The free thought tag police are coming!

Splendid Elles (right) tagged me to answer these series of questions.

Can You Remember The Day That You Officially Became An Atheist?

Officially is a redundant word in the question. I neither am a card carrying atheist, nor had a party where people celebrated my non belief. If you want an action that publicly made that, it would be in front of the White House when to a TV crew I spoke about atheists being treated as equal citizens with everyone else – that it was no reflection on your character or ability to be a moral person.

There is no one moment, where you rid yourself of the blood of the lamb. While at University it was a nagging feeling that there was no evidence for a supernatural being that communicated directly with us. Reading philosophy, and in particular Bertrand Russell, and reading politics just meant that god slipped away as I realised we humans have to take responsibility as the only conscious species in making the world a better place – rather than hoping with death we make it to a better one.

Do you remember the day you officially became an agnostic?

Fairly soon after leaving the study of Jehovah’s Witnesses.
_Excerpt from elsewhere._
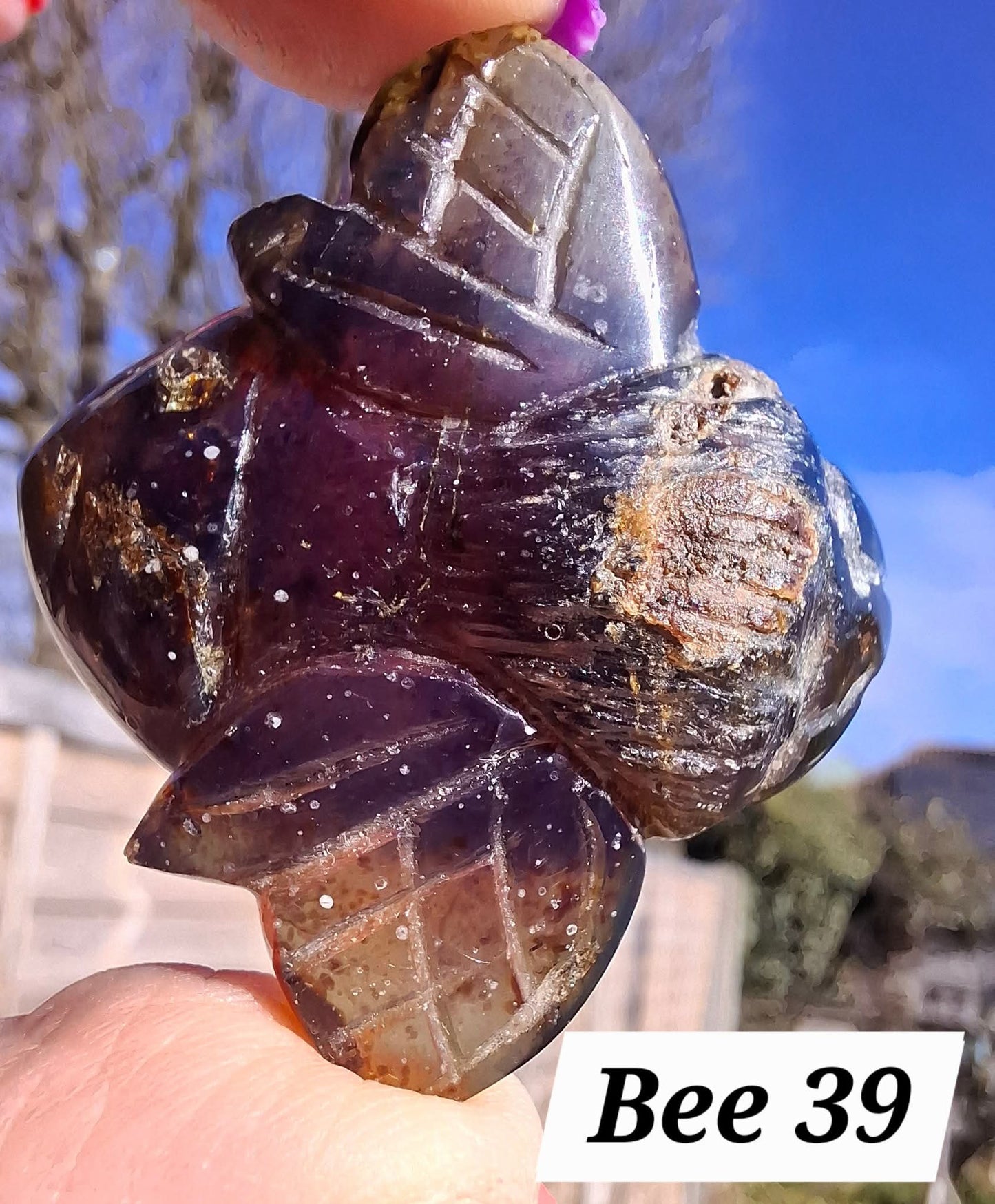 Red Amber Honey Bee Carving, 10.66g, Fossil (Ref: Bee39)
It occurred to me that their religion was the work of man and that prophecies claimed in the bible were allegories or concerned with actual events that had already happened. The human yearning though for a spiritual side to existence was one that completed the human experience, but religion was only an answer to that expression rather than the answer to the ultimate question of life the universe and everything.

Some people think the politically correct thing is to term yourself a skeptical agnostic. Yet becoming an atheist just means that you hold out there being no evidence that there is a god; and refuse to accept any argument by a person as being divinely inspired. They will need rationality, logic, empirical evidence, and the welfare of life to consider.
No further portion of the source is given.